Ma anche qui intendiamo tranquillizzarlo. La Carta non vieta affatto i sequestri prima delle condanne: le “misure di prevenzione” (che arrivano prima e servono a prevenire reati) non toccano la libertà personale, ma solo il patrimonio, dunque rispondono a garanzie più attenuate di quelle penali.
L’ha confermato pure la Corte di Strasburgo.
Ma ecco la confessione: la nuova norma, dice Boccia, “equipara gli imprenditori ai delinquenti”. Dal che si deduce che ha una ben strana concezione o degli imprenditori, o dei delinquenti, o della nuova norma.
Se infatti, per sequestrare i beni a un imprenditore, questi dev’essere ritenuto da tre giudici un corruttore abituale, con un tenore di vita incompatibile col suo stipendio perché frutto di appalti truccati, per giunta associato per delinquere con almeno altri due soggetti pericolosi, in che senso la norma equipara gli imprenditori ai delinquenti? Semmai equipara i delinquenti ai delinquenti, risparmiando gli imprenditori onesti.
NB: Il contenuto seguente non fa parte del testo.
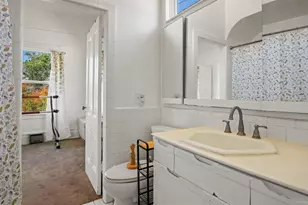 1160 Powell St, Oakland, CA 94608 - Photo 29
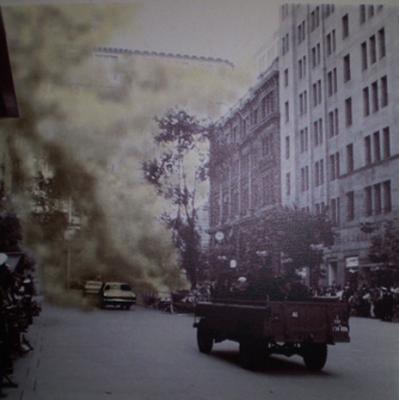 Tim Burns - Bomb at Cenataph Anzac Day (1972) - Urban Dingo Gallery - auf - Array - Tim Burns - Bomb at Cenataph Anzac Day (1972) - Urban Dingo Gallery - auf - Array -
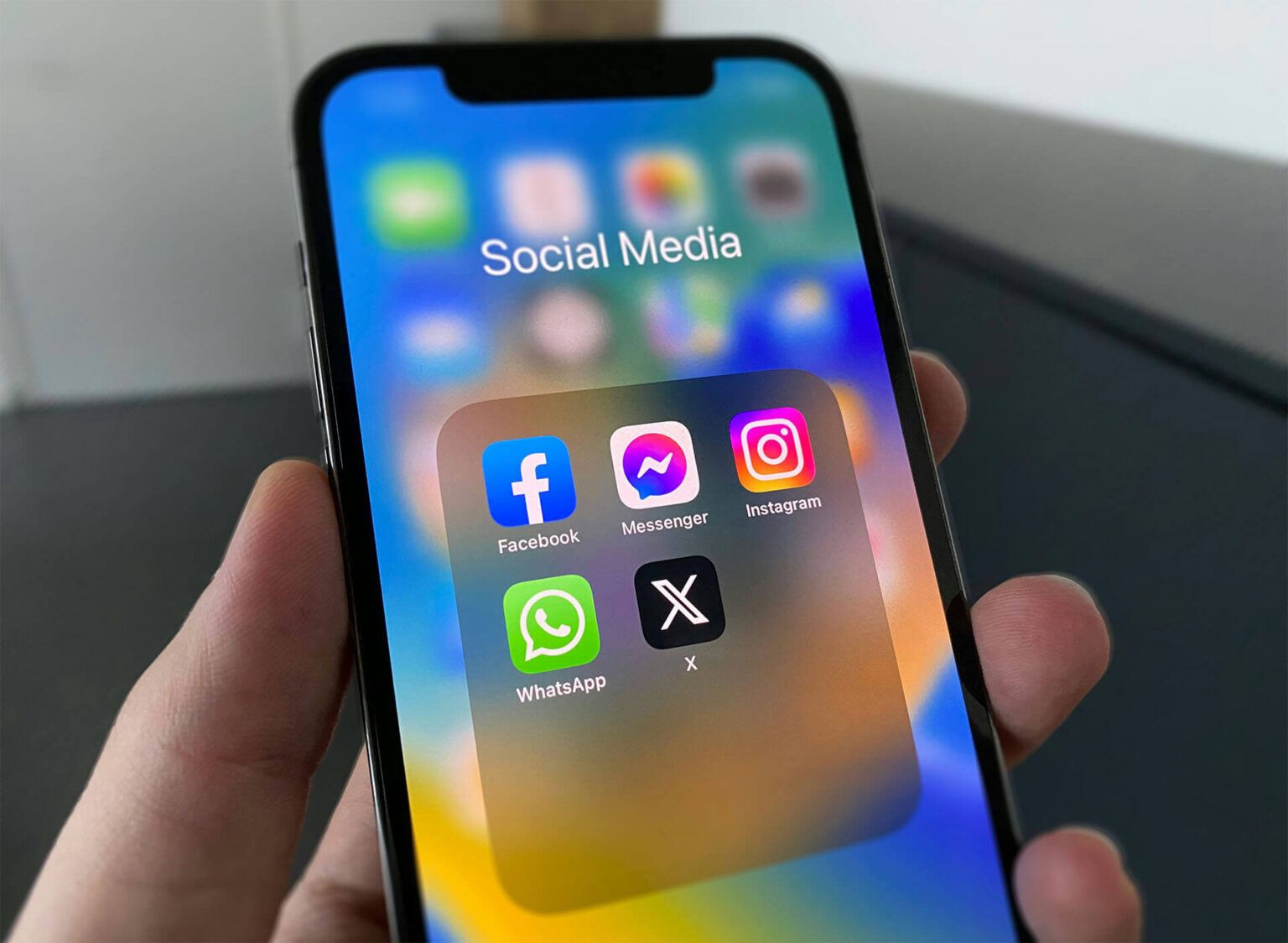 Smartphone mit Social-Media-App wird in der Hand gehalten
L’imprenditore che vuole evitare il sequestro dei beni non ha che da evitare di pagare tangenti, di associarsi per delinquere con soggetti pericolosi per aggiudicarsi appalti truccati, e di possedere beni di cui non riesce a giustificare il possesso.
Impresa tutto sommato agevole per un imprenditore, ma decisamente più problematica per un delinquente.
Resta da capire cosa intenda esattamente il Boccia per “imprenditore” e che tipo di imprenditori frequenti.
Ma forse basta dare un’occhiata ai manager di Confindustria che hanno così ben gestito il loro giornale, il Sòla-24 ore.
E soprattutto al loro formidabile Ufficio Studi che proprio un anno fa pronosticò al dettaglio le nefaste conseguenze di un No al referendum: -17% di investimenti, +430 mila poveri, -4% di Pil, -600 mila posti di lavoro e +258 mila disoccupati (il Sì invece avrebbe trasformato l’Italia nel Paese di Bengodi). Mancavano solo le dieci piaghe d’Egitto.
Quando, dopo il trionfo del No, il nostro Antonello Caporale chiese lumi al direttore di cotanti studi, Luca Paolazzi, si sentì rispondere: “Abbiamo previsto uno scenario che si sarebbe potuto avverare in un contesto... posso convenire che lo scenario non si è verificato... un po’ apocalittico lo sono stato...”.
Infatti non solo il No non ha sortito una sola delle calamità paventate, ma s’intravede financo una pallida ripresa, che il Boccia suole commentare fischiettando. E, nella migliore tradizione del chiagni e fotti, continua a batter cassa col governo, non bastando gli 80 miliardi pubblici incassati dagli associati nell’ultimo quadriennio.
Noi gli auguriamo di restare al vertice di Confindustria altri 50 anni, anche perché ci fa ammazzare dalle risate. Ma, se proprio dovesse essere sostituito, vediamo un solo candidato alla sua altezza: il Divino Otelma.